There’s no loophole. A loophole is defined as an oversight in laws which people take advantage of. Laws concerning the private sale of firearms transfers are crafted, for the most part, to explicitly allow for said private sales to happen. Some people are under the impression that gun shows are free-for-all arms bazaars. While that would be nice in a way, the reality is that the dealers at gun shows who are selling firearms have to comply with the same federal background check laws as if they were selling from their own storefront. Step into a modern gun show, and each and every dealer will have laptops and iPads out, conducting background checks and credit card transactions in the course of their business.

Yes, there’s sometimes people wandering around a gun show looking to sell a gun in a private transaction. Yes, this is perfectly legal. However, most gun shows don’t allow the transactions to happen on the show floor, and 99 percent of these transactions are just some guy looking to move an old rifle or pistol that even a gun dealer won’t accept in trade. In other words, not worth crying over.

If you are going to do a private transfer

Unless you are in a UBC state, whereby then you are required to do the transfer at a licensed gun dealer, there are some sensible precautions one can take to ensure a transfer falls within the bounds of state and federal law.

  • Do it outdoors, during the day, in a public place. Most people choose somewhere obvious like a Wal-Mart parking lot. In some jurisdictions, the local police explicitly allow and recommend that private firearms sales happen in their parking lots. Someone up to no good isn’t likely to want to be in a public place with surveillance cameras, witnesses, and potentially, law enforcement officers.

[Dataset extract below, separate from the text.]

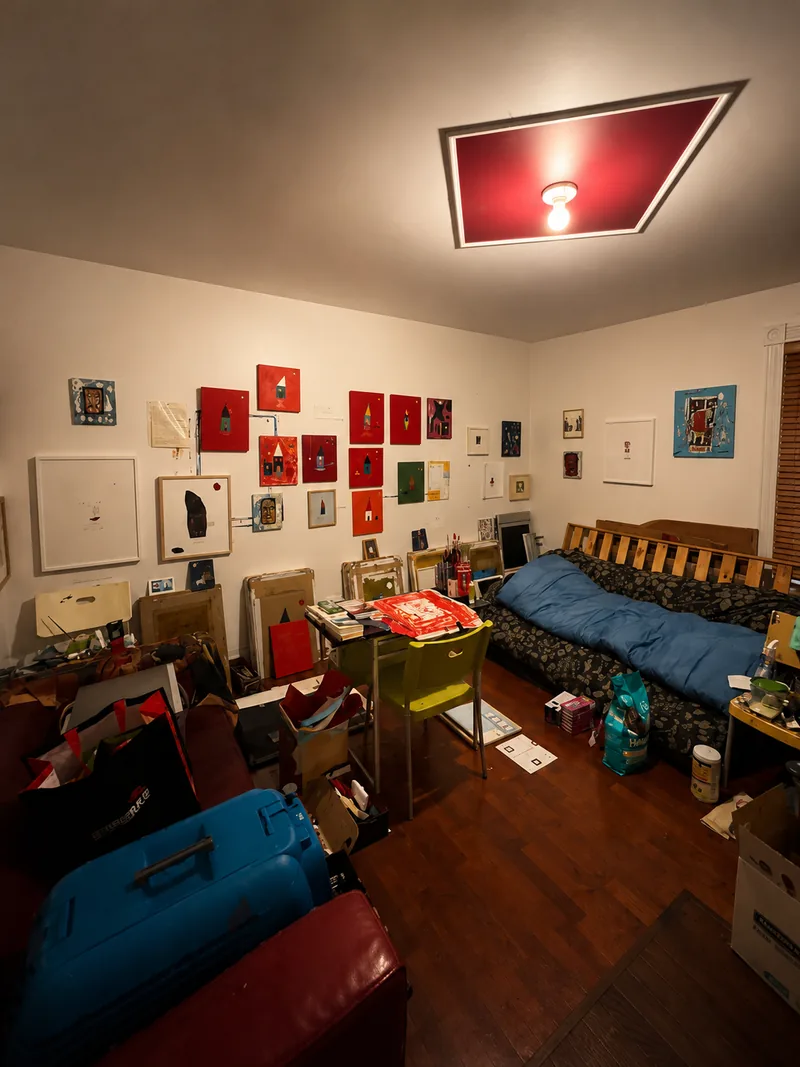 Vue d’ensemble de l’atelier : murs couverts d’œuvres, lit, valises et plafonnier rouge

  • Generate a bill of sale. Google around for one, and fill out the relevant details. Make, model, caliber, and the full names and addresses of the parties involved. Again, someone legitimately wanting that gun you are selling on Armslist won’t hesitate to play ball.

  • Document identification, on both sides. You have a smartphone, take a photo of the ID of the person you are buying the gun from, and vice versa. That way you both have records of whom is involved in the transaction.

While these procedures aren’t automated like NICS, conducting these willingly is a great indicator that the parties involved aren’t prohibited persons.

Don’t give up your firearms in a ‘buy-back’ scheme

Buyback schemes are an anathema to gun owners. The term alone is pretty incongruous, as it implies the State ‘owned’ your firearms at some point. No matter how old or useless the gun is, there’s always a dealer or a private party willing to pick it up. You just have to look around, and you’ll get more than you would from some taxpayer-funded money-wasting scheme.

A quick note

Private sale regulations only cover Title I arms, i.e. handguns, semi-automatic rifles over 16” barrel length, shotguns over 18” barrel length, and other everyday guns. Items covered by the National Firearms Act, such as suppressors, machine guns, short-barreled rifles, short-barreled shotguns, and so forth all have to be transferred in accordance with the provisions of the NFA to be legal.

For more information, consult the ATF’s guide to private transfers, as well as the excellent information over at handgunlaw.us.

Standard disclaimer

While I strive to be as accurate with legal matters as possible, I’m not an attorney in any jurisdiction on this planet. Please consult the authoritative resources I’ve listed, or check with a qualified resource such as a lawyer, before proceeding with any private transfers of firearms.